Por: Andrea Alexandra Ramirez Ataucuri.
Los
constantes dolores de cabeza fueron avisos de la enfermedad. Ha pasado un mes desde que mi papá sufrió un accidente
cerebro vascular (ACV) o también conocido
como infarto cerebral. Una enfermedad que se produce por un coágulo sanguíneo que obstruye la circulación de
sangre y oxígeno al cerebro. En cuestión de minutos las células del cerebro comienzan a morir.
Mi papá se
llama Manuel. Él ha sido docente de matemáticas toda su vida. Él trabajaba y vivía en Mollendo. Estuvo solo
el día del accidente. Lo colocaron en observación
un tiempo, le hicieron una prueba de descarte de COVID19 y le dieron pastillas básicas. El procedimiento médico
no fue el correcto hacía mi papá, lo mandaron a casa con pastillas para la presión y el colesterol elevado. Ni internaron a mi papá, ni solicitaron tomografías y tampoco lo llevaron a
otro centro de salud por ambulancia. Tiempo después, me enteré que debieron haberlo
trasladado e hospitalizado inmediatamente.
Mi familia
siempre ha sido unida, sin embargo, debo admitir que vivir una situación como ésta nos conectó más. Mis tíos
dejaron de lado sus diferencias y empezaron a
trabajar en equipo. Mi tía Zaida estuvo a mi lado siempre. Todos mis
familiares se juntaron para comprar
una silla de ruedas a mi papá. Nos unimos.
En Mollendo
no hay cardiólogos y neurólogos especializados. El centro de salud es ineficiente y descortés. El personal de
salud fue insensible e indiferente con mi familia.
Recuerdo ver a mi hermana y abuela llorar por una copia de la orden de análisis
para mi papá (él había perdido todos sus papeles).
Fueron días complicados.

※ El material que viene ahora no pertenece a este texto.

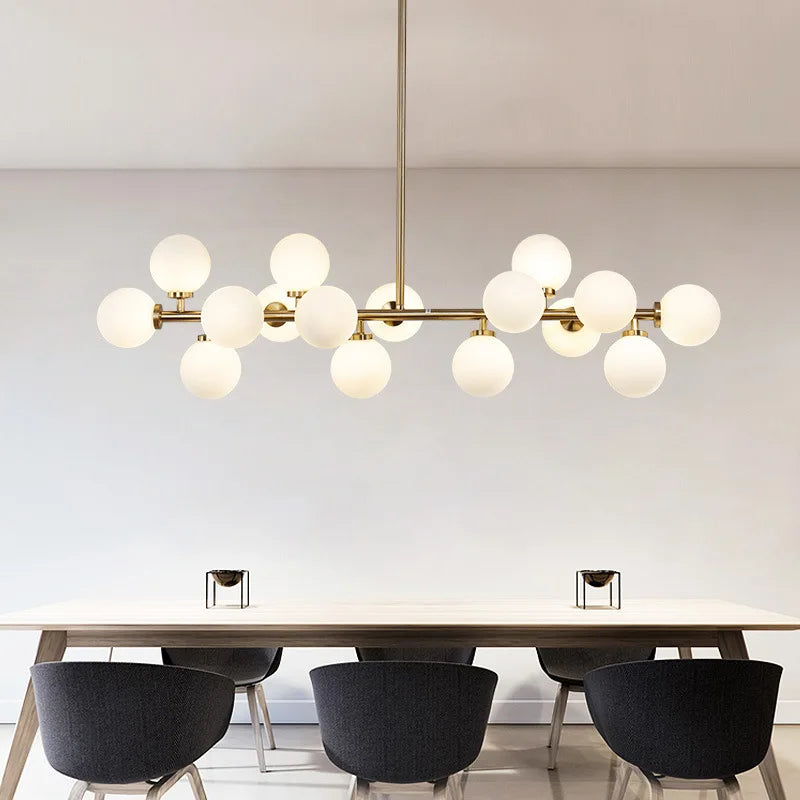 Nordic Long Rod Glass Ball Pendant Lights for Table Dining Room Kitchen Island Bar Ceiling Chandelier Home Decor Furniture Lamp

El infarto cerebral
dejó a mi papá con una hemiplejia izquierda, disartria
leve y con una leve desconcentración.
Pasó bastante
tiempo para que el hospital nos diera el traslado a Arequipa. Fueron inmensas
las reuniones con neurólogos. La doctora Medalith
fue la primera neuróloga en
revisar a mi papá. Ella me comentó que el tiempo fue fundamental. Soltó entonces unas palabras que retumbaron en mi cabeza “Posiblemente
no pueda volver a mover su brazo” “¿Por qué no lo trajiste
antes?” palabras que mencionó mirándome a los ojos. Entonces, la posible culpa
no me dejaba dormir.
Debo admitir
que empecé a culparme por lo que había sucedido, hasta el día de hoy mi mente no está tranquila. Dentro de mí creció una desconfianza por todo profesional médico y una inseguridad
atroz. Empecé a dudar de todo los doctores que
revisaban a mi papá. Dude de las pastillas, los exámenes e incluso de los resultados.
El Doctor Enrique Salcedo
Calderón me comentó
que mi papá había sufrido
negligencia médica en Mollendo. “Inmediatamente debieron traerlo por
ambulancia” “No le dieron ni
anticoagulantes, alteplasa, nada”, “Debieron exigir una movilidad especial”
fueron las palabras del
doctor.
La mayoría de
doctores que se reunieron conmigo concluyeron en lo mismo: “El tiempo fue clave, no va a volver a mover
el brazo”. Más adelante, mi papá se enteró de
todo, incluso la neuróloga Diana Pampa le aconsejó jubilarse. Palabras
directas, sin tapujos, sin empatía.
Palabras que chocaron en él, ya que, al día siguiente no quiso continuar con su terapia física.
Durante
muchos días mi papá empezó a decir: “Por las puras gastas, no me voy a recuperar” o “¿No dicen que debo
jubilarme?”. Poco a poco le quitaron su fe y
voluntad. ¿No es acaso un doctor el responsable de salvar una vida? ¿No
deberían motivarnos a salir
adelante?. Realmente, ¿Existen buenos doctores? Supongo que sí, pero mi papá no tuvo suerte.